=== Problem description ===
Reproduce, exactly and in full, the records that follow, minus any pictures.

=== Given entries ===
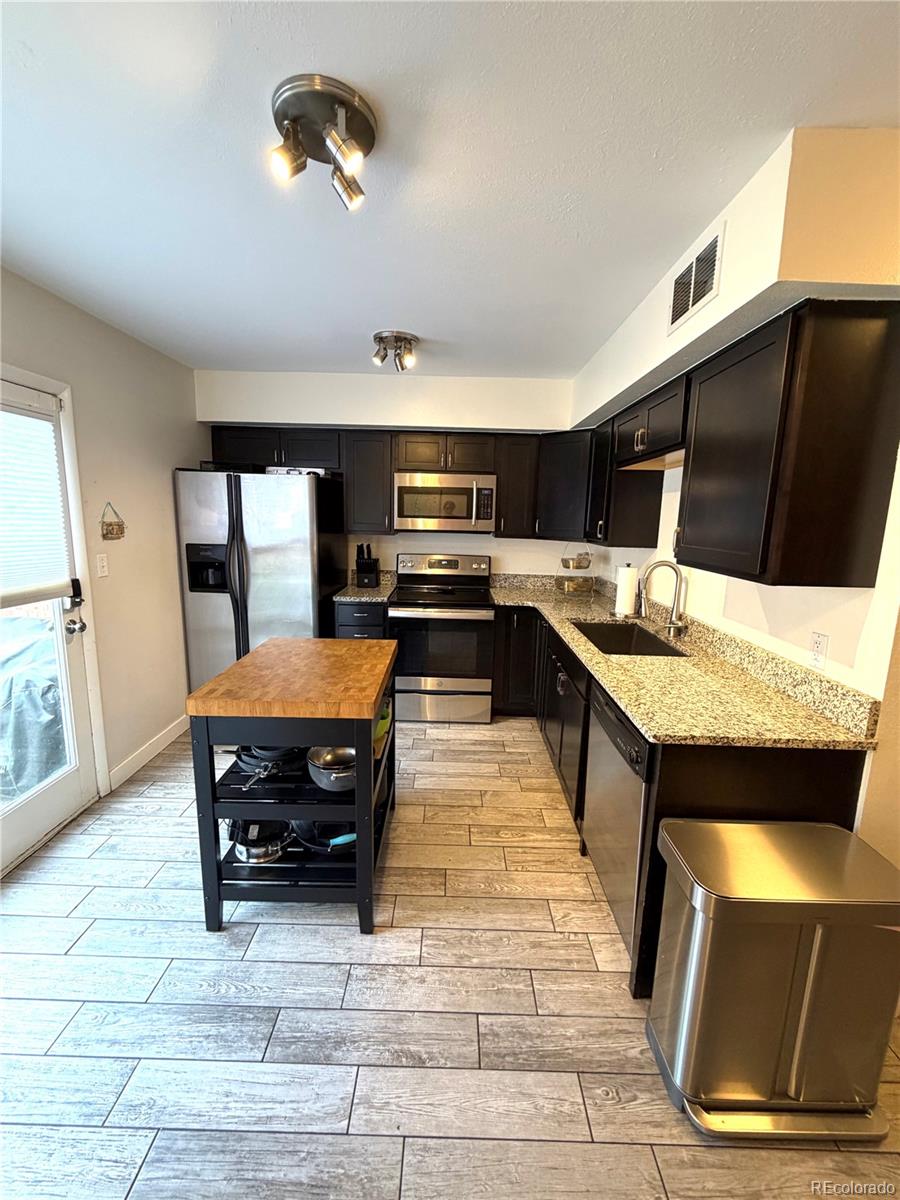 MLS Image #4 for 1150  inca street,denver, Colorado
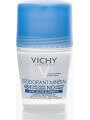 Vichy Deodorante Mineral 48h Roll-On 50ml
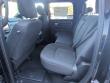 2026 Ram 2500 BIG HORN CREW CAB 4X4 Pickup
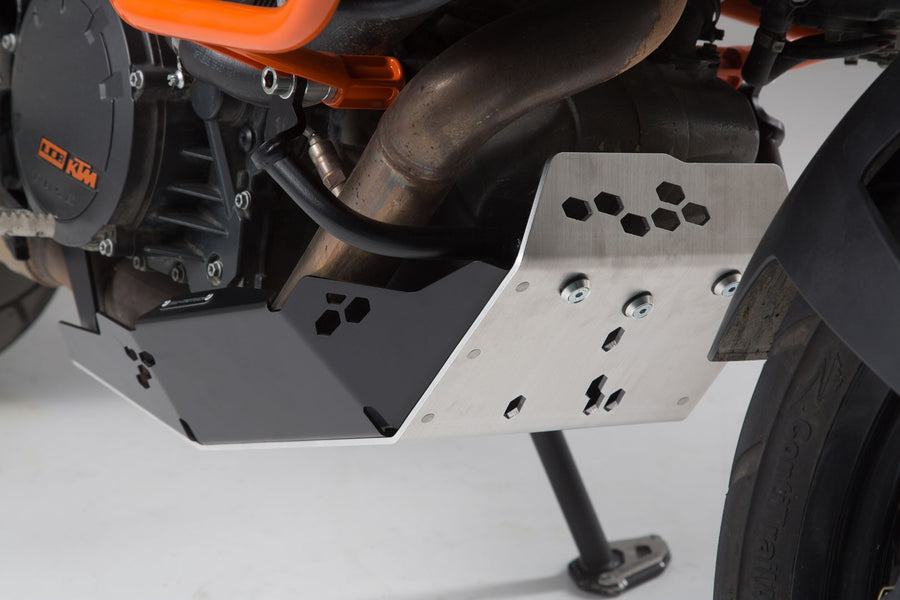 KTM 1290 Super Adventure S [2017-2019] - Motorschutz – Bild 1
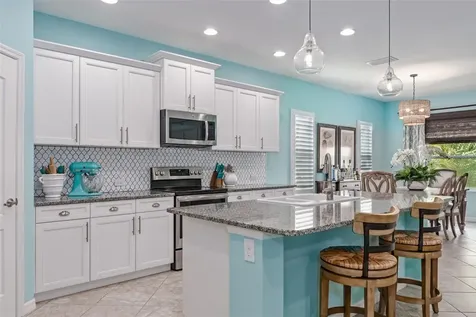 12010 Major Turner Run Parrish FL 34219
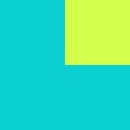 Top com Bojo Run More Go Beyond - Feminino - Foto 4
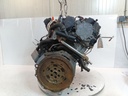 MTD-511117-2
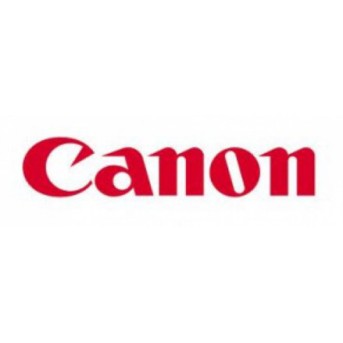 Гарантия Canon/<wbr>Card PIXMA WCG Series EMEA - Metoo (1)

=== Answer for the task ===
 MLS Image #4 for 1150  inca street,denver, Colorado
 Vichy Deodorante Mineral 48h Roll-On 50ml
 2026 Ram 2500 BIG HORN CREW CAB 4X4 Pickup
 KTM 1290 Super Adventure S [2017-2019] - Motorschutz – Bild 1
 12010 Major Turner Run Parrish FL 34219
 Top com Bojo Run More Go Beyond - Feminino - Foto 4
 MTD-511117-2
 Гарантия Canon/<wbr>Card PIXMA WCG Series EMEA - Metoo (1)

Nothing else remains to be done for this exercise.